Ryder Notes 2006: Home Run


Originally published by Julian Ryder on Saturday, July 22, 2006

There was a new edge of aggression— exemplified by the fight with Rossi in Qatar, the second race of the year. His reaction after winning today wasn’t the whooping, hollering delight of last year, it was an altogether more visceral display. It was another win at home for Nicky but it was a totally different story from last year. We didn’t see the blinding opening laps of ’05, instead we saw him work his way up from third place, where he was happy to be for the first eight laps, and once he was past Kenny Junior he took another eight laps to get up to the splendid Chris Vermeulen who led the first half of the race off pole before being progressively and then dramatically slowed with some sort of fuelling problem. That Chris V didn’t get a rostrum finish is another example of the total lack of natural justice for which bike racing is famous.

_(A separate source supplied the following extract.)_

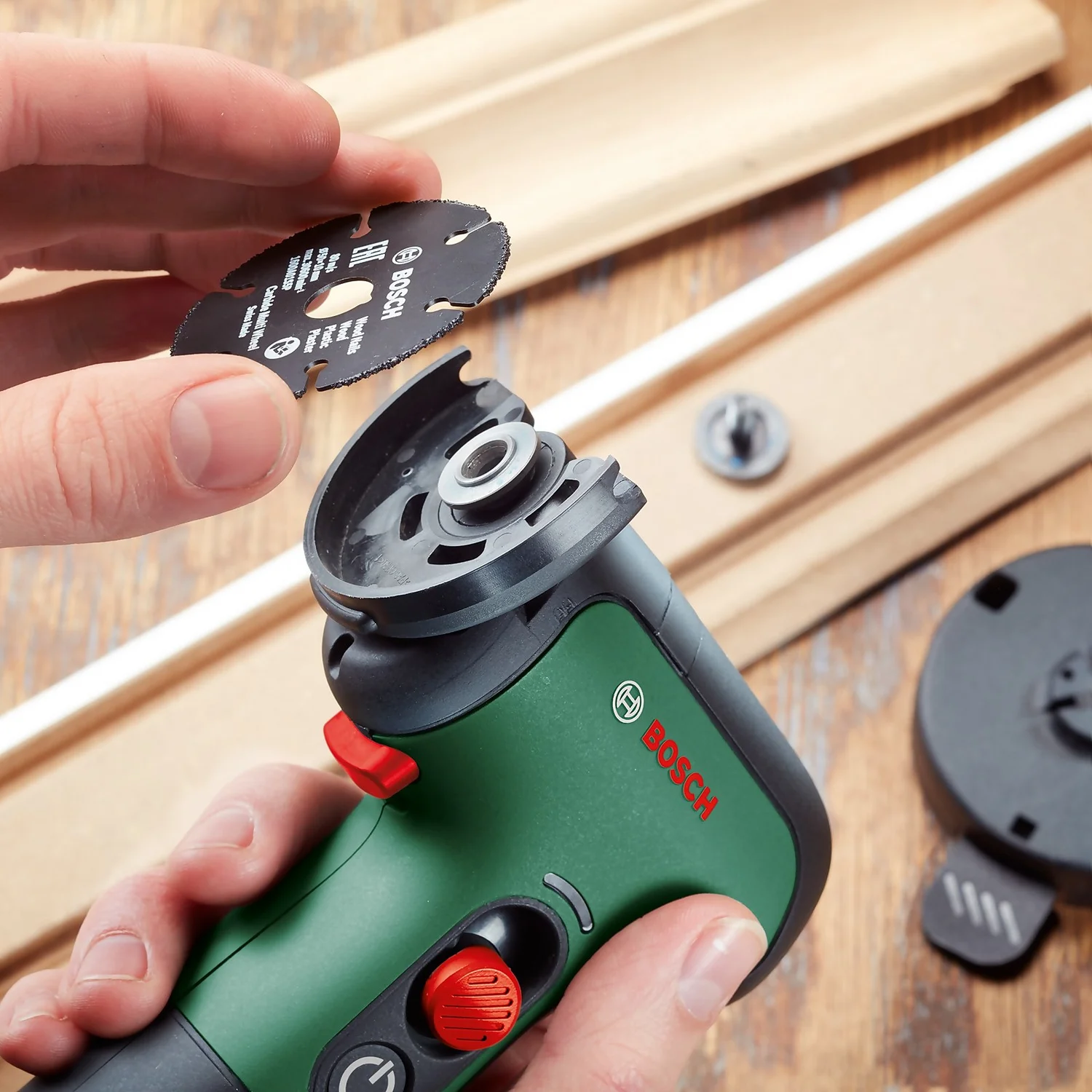 Bosch EasyCut&Grind Cordless Cutter And Angle Grinder 6 Bosch EasyCut&Grind Cordless Cutter And Angle Grinder - Image 4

Once Nicky hit the front he didn’t make a mistake, but the man who kept him honest was his team mate, the remarkable Dani Pedrosa. The Laguna newcomer enjoyed America. He found the politeness of the fans who said “thank you, sir” after he’d declined to sign autographs because he was on his way to a meeting refreshing: at home they’d have dragged him over the fence and ripped the shirt off his back. He was chirpier than usual after the race and seemed pretty pleased to have finished second on his first visit to the place.

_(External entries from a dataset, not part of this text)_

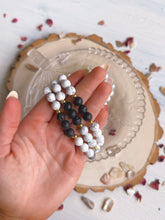 Load image into Gallery viewer, Howlite &amp; lava bracelet
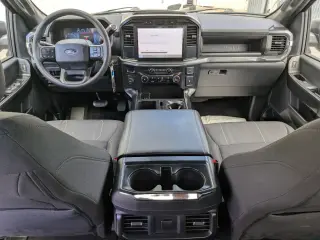 Ford F-150 2024 4x2 STX 4dr SuperCrew 5.5 ft. SB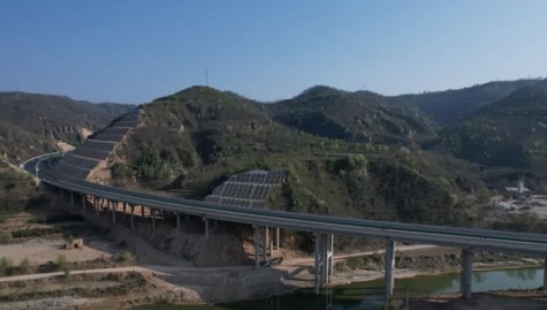 延黄高速路面全幅贯通进入通车倒计时 6月30日正式开始运营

Marco Melandri’s third place was nearly as remarkable and he called it ‘as good as a win.’ Twelve months ago he was the loudest voice in the anti-Laguna camp and he fulfilled his own prophecy by crashing three times, including on the first lap of the race. Now he loves the place.

It is probable that Valentino Rossi feels no such affection. His attempt at damage limitation ended when his rear tyre lost a chunk of rubber and he had to slow the pace. That led to the overheating that stopped his Yamaha M1 and the Doc’s third DNF of the year. As the man himself admitted, a 51-point deficit to Nicky means his championship has gone. He did see a bright side though; “Now I race without the pressure of the championship.”

Nicky is now in the position where the championship is almost his to lose. He has four weeks to contemplate the idea of a world championship although he obviously refused to do so in public. An Italian journalist did manage to goad him into some barbed comments about “trash talk” he’s had to endure—a reference to the “he’s a follower not a leader” remarks that bubbled to the surface after Assen. Right from the start of the year we’ve seen a different Nicky than we’ve been used to. There was a new edge of aggression— exemplified by the fight with Rossi in Qatar, the second race of the year. His reaction after winning today wasn’t the whooping, hollering delight of last year, it was an altogether more visceral display.

That nice polite boy from Kentucky is letting the steel show through.